=== Recorded information ===
-- -- --

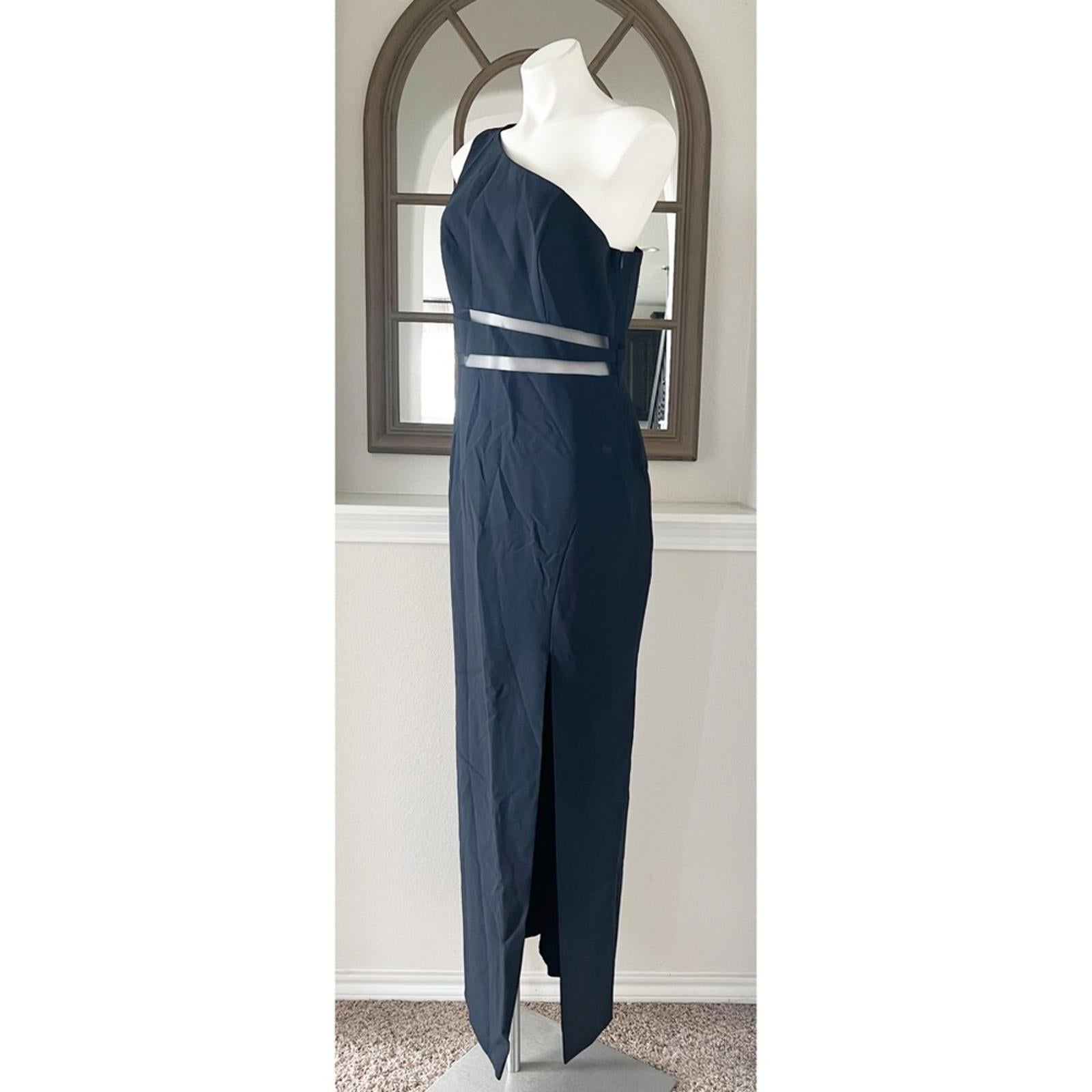 Liv Foster One Shoulder Cutout Gown, Twilight/Navy Maxi Size 12 New w/Tag $350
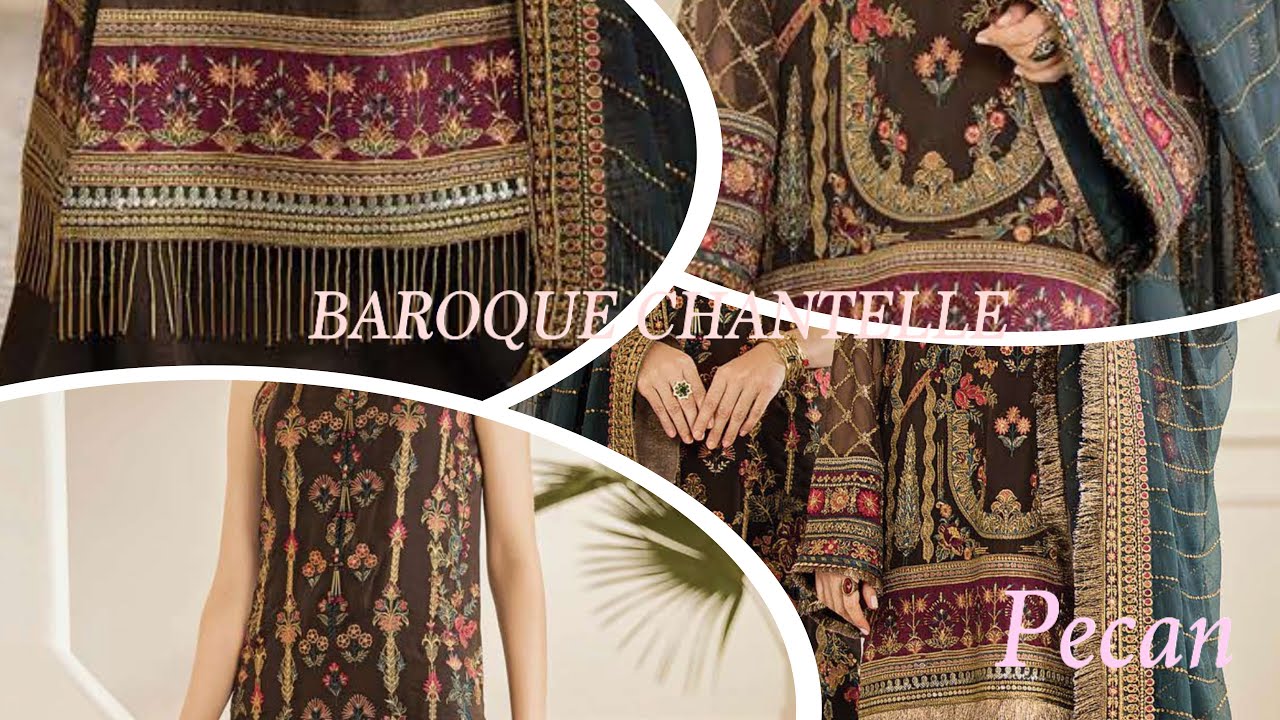 Baroque Latest Chiffon Dresses 2019 | Pakistani Party Wear | Unboxing Pewter & Pecan Design 9/10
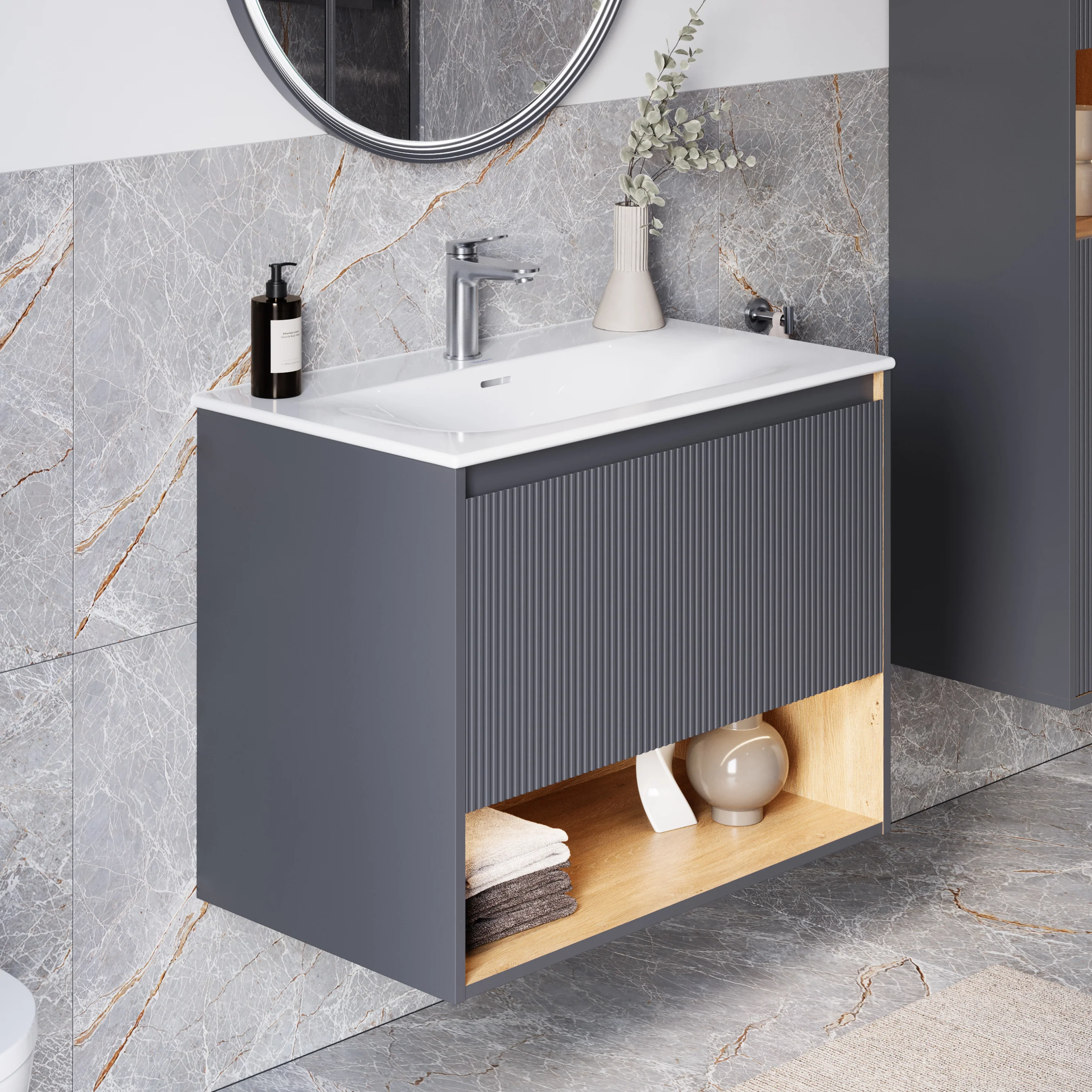 Szafka podumywalkowa BELDIVO 80 cm z umywalką ceramiczną Duravit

-- -- --

=== Aim of the task ===
Leave the pictures out and copy the rest of the data exactly.

=== Solution below ===
 Liv Foster One Shoulder Cutout Gown, Twilight/Navy Maxi Size 12 New w/Tag $350
 Baroque Latest Chiffon Dresses 2019 | Pakistani Party Wear | Unboxing Pewter & Pecan Design 9/10
 Szafka podumywalkowa BELDIVO 80 cm z umywalką ceramiczną Duravit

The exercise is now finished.